Billionaire entrepreneur Elon Musk has unveiled another high-concept project, one that he says puts humans on a path to “symbiosis with artificial intelligence.” In other words, allow them to control computers with their minds.
His start-up Neuralink said it has tested its elaborate interface of ultra-thin “threads” — which connects with a chip embedded in the skull — on rats and wants to begin human trials as soon as next year. The company said the device could eventually be used to treat such neurological disorders as paralysis and blindness.
Musk and the company outlined their plans, which require Food and Drug Administration approval, during a presentation Tuesday at the California Academy of Sciences in San Francisco. He said the trials would be done in partnership with neurosurgeons at Stanford University and other academic institutions. The procedure involves drilling four tiny holes in the skull to insert the threads. Eventually, Musk said, the goal is to implant the device with less-invasive laser surgery.
Musk and other Neuralink officials said the technology is in very early stages and that the road to reality will be full of rigorous research and regulatory hurdles.
“It’s not like suddenly we will have this incredible neural lace and will take over people’s brains,” Musk told the audience. “It will take a long time.”
Tuesday’s event, the company’s first public presentation since its 2017 debut, was primarily geared toward recruiting top-tier talent for the company, which has about 100 employees.
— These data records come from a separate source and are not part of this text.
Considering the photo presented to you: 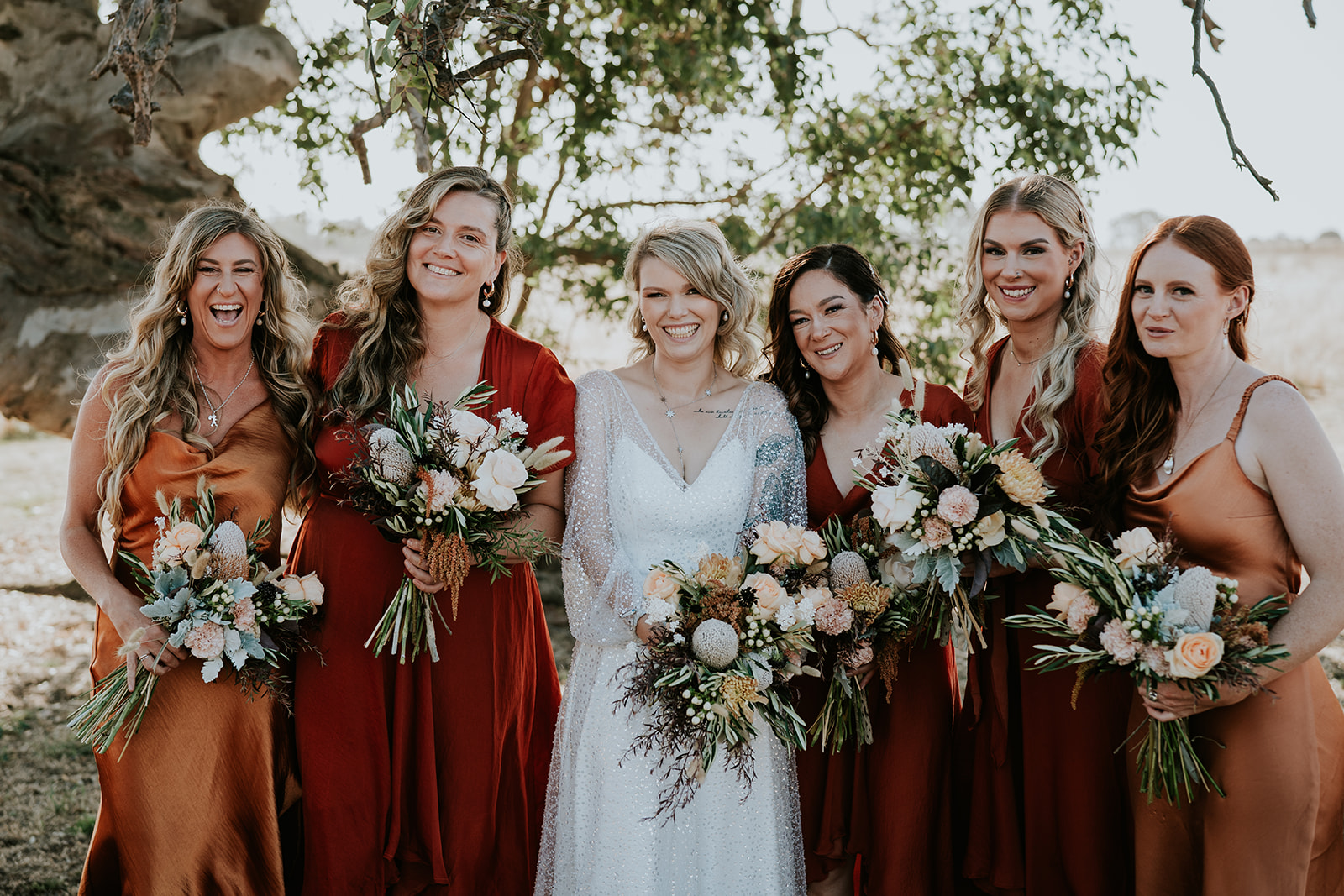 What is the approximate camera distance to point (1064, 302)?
3.88m

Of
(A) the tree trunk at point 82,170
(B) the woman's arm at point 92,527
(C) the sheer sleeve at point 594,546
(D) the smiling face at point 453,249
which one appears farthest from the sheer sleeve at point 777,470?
(A) the tree trunk at point 82,170

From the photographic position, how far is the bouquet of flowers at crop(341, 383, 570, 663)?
3.21m

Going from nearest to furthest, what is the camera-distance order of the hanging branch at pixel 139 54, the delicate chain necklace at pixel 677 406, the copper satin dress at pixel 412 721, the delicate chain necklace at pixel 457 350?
1. the copper satin dress at pixel 412 721
2. the delicate chain necklace at pixel 677 406
3. the delicate chain necklace at pixel 457 350
4. the hanging branch at pixel 139 54

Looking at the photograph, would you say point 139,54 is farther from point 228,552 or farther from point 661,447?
point 661,447

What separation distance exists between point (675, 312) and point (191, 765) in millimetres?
2267

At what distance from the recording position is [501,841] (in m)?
3.77

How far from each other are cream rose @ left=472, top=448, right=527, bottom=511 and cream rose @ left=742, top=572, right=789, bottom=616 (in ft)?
2.51

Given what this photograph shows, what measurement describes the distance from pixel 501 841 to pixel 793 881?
3.44 feet

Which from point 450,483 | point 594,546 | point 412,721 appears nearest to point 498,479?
point 450,483

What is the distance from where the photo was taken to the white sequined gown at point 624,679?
342 cm

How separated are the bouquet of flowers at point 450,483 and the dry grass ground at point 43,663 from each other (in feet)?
7.89

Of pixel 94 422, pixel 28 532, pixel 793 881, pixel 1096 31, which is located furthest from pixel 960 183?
pixel 28 532

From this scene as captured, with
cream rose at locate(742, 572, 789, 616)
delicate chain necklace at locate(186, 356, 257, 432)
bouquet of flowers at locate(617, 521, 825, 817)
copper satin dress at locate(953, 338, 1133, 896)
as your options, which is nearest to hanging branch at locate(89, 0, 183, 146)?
delicate chain necklace at locate(186, 356, 257, 432)

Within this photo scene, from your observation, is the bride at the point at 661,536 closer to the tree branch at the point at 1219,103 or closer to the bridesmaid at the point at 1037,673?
the bridesmaid at the point at 1037,673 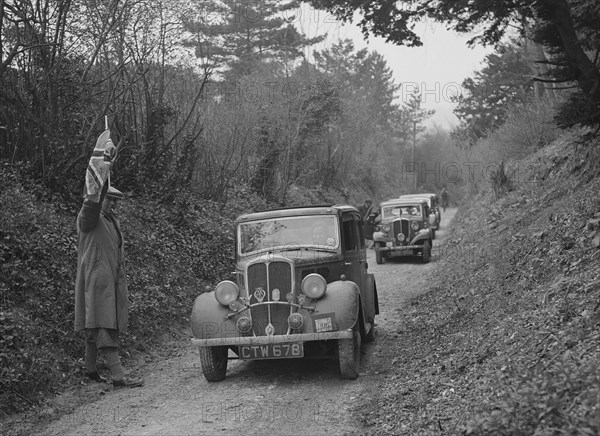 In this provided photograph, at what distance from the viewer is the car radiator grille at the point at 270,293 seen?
731cm

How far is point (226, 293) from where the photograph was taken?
756 centimetres

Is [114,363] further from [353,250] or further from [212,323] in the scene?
[353,250]

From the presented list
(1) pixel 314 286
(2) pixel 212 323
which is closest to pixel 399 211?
(1) pixel 314 286

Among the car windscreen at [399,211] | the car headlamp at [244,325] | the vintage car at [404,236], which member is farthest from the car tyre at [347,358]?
the car windscreen at [399,211]

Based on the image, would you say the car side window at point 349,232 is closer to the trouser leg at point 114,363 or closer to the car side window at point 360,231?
the car side window at point 360,231

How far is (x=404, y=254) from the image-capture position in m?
19.6

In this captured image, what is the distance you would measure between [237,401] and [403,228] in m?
14.0

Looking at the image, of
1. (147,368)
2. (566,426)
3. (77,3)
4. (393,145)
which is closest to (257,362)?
(147,368)

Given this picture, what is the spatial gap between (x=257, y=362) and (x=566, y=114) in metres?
5.12

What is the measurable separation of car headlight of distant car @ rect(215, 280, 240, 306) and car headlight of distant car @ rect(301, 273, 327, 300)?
2.66 ft

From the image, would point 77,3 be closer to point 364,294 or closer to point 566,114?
point 364,294

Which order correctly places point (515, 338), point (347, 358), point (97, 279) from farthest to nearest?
point (347, 358), point (97, 279), point (515, 338)

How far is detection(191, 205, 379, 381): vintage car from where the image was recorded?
7094mm

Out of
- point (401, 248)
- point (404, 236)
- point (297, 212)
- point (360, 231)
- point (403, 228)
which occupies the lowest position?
point (401, 248)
The start-up has raised about $158 million since its inception, with Musk himself contributing $100 million.
Max Hodak, Neuralink’s president, said the company knows it will need to collaborate with academic and scientific communities.
“We are under no illusion that we can do all the scientific research ourselves,” Hodak said.
An advanced, “sewing machine”-esque robot would embed the device’s tiny, flexible threads — each a fraction of the width of a human hair and collectively outfitted with thousands of electrodes — deep in the brain without doing major damage to the surrounding tissue. Once in place, the threads would relay information to a chip, which in turn would transmit it to an external Bluetooth-like device worn behind the ear, Musk said.
If successful, the system would mark a significant advancement from the stiff needles used in current technology, which allow for far fewer electrode channels, degrade over time and are disrupted when the brain shifts in the skull.
“Neuralink picked the best of existing lab technology and pushed it forward in a number of important dimensions, and most impressively has an integrated implantable product that goes beyond the current state of the art,” tweeted Andrew Hires, an assistant professor of neurobiology at the University of Southern California.